___ Entries supplied

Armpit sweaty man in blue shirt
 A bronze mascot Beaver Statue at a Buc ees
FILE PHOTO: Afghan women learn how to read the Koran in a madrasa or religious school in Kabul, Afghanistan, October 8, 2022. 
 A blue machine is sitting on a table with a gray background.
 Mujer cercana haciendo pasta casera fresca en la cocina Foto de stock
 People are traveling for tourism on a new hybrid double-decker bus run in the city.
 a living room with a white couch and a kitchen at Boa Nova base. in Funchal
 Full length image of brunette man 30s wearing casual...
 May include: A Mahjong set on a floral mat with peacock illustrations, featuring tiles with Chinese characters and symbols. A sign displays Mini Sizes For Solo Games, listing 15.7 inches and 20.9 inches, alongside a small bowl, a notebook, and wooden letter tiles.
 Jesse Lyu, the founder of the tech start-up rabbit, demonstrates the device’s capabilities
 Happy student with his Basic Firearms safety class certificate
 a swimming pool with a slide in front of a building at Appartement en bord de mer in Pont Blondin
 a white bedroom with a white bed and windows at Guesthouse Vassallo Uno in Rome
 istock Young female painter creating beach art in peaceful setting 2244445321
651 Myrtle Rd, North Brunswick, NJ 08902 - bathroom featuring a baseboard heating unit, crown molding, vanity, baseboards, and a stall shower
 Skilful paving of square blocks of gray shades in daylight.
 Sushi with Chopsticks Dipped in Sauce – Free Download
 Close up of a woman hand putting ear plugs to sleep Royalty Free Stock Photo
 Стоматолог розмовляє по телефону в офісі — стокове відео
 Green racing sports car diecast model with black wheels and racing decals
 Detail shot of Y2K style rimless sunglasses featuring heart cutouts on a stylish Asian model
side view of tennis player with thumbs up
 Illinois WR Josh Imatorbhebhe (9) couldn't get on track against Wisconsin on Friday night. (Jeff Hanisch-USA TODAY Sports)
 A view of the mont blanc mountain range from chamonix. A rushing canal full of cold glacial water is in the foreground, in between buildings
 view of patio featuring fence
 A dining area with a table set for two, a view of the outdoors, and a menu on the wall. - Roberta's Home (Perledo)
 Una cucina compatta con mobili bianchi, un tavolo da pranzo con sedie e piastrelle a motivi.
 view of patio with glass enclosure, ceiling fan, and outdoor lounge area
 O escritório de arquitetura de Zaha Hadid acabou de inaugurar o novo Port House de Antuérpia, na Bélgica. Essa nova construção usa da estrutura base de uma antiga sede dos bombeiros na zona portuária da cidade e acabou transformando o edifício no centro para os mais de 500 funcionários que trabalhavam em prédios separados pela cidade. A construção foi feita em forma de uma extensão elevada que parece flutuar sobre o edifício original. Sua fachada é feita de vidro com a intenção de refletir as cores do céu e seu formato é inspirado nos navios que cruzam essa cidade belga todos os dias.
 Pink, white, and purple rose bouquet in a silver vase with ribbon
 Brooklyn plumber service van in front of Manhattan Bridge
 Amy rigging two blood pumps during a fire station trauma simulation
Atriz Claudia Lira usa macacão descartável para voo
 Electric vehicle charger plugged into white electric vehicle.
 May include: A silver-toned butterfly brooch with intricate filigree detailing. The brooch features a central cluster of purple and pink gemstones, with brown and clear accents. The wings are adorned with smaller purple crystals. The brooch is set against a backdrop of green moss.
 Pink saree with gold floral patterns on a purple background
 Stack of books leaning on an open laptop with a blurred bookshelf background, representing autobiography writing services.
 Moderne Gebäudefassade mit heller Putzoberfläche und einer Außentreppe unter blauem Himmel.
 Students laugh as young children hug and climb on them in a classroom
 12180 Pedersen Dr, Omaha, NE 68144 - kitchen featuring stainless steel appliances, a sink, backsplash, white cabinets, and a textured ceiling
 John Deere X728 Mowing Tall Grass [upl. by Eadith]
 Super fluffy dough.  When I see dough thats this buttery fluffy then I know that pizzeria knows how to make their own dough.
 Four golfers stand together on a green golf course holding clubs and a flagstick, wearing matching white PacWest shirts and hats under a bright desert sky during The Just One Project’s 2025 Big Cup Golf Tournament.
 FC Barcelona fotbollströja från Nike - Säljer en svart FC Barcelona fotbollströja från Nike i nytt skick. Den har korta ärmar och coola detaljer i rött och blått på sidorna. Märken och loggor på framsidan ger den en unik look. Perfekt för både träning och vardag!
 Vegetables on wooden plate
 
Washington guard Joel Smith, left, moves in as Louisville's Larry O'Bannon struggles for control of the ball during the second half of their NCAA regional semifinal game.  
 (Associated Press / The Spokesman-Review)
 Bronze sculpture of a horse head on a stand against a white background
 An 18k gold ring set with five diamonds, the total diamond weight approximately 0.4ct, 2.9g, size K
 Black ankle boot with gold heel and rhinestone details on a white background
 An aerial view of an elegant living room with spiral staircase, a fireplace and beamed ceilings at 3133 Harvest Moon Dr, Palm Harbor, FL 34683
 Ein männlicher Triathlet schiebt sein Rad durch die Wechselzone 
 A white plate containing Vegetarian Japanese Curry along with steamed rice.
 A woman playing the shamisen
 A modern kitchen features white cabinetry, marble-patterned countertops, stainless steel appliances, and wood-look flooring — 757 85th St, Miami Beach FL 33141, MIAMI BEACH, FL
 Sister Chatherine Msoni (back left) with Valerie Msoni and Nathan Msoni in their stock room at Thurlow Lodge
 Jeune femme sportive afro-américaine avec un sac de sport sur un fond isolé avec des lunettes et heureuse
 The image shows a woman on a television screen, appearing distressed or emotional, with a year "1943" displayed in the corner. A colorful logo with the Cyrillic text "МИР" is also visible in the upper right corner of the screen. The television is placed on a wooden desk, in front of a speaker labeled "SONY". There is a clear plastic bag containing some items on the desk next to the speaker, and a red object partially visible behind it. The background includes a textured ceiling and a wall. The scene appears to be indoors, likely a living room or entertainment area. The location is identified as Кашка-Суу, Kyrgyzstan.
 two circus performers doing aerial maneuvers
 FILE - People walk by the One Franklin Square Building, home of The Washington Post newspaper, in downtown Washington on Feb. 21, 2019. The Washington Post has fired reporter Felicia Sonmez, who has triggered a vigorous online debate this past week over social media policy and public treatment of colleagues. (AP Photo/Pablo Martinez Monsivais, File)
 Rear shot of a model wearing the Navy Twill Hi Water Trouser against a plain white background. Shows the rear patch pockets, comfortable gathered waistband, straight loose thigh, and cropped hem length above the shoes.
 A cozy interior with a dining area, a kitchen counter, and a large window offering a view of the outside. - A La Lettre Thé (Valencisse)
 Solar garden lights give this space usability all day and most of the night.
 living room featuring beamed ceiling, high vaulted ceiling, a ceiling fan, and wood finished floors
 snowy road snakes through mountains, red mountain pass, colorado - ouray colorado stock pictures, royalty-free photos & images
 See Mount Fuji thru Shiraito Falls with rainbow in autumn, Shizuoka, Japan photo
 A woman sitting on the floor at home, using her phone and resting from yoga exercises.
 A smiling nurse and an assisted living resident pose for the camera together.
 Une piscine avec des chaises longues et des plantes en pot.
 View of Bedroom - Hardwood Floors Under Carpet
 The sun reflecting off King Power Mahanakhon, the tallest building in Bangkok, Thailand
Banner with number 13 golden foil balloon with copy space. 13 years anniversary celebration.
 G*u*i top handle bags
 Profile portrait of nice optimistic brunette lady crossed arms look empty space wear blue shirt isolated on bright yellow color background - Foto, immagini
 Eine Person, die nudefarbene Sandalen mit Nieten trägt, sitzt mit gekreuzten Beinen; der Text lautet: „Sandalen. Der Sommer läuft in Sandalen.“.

______

Work to complete:
Transcribe, exactly and without additions, the lines of the records above, beginning with the line that contains "Rear shot of" and ending with the line that contains "A smiling nurse", both included.

Exercise response:
 Rear shot of a model wearing the Navy Twill Hi Water Trouser against a plain white background. Shows the rear patch pockets, comfortable gathered waistband, straight loose thigh, and cropped hem length above the shoes.
 A cozy interior with a dining area, a kitchen counter, and a large window offering a view of the outside. - A La Lettre Thé (Valencisse)
 Solar garden lights give this space usability all day and most of the night.
 living room featuring beamed ceiling, high vaulted ceiling, a ceiling fan, and wood finished floors
 snowy road snakes through mountains, red mountain pass, colorado - ouray colorado stock pictures, royalty-free photos & images
 See Mount Fuji thru Shiraito Falls with rainbow in autumn, Shizuoka, Japan photo
 A woman sitting on the floor at home, using her phone and resting from yoga exercises.
 A smiling nurse and an assisted living resident pose for the camera together.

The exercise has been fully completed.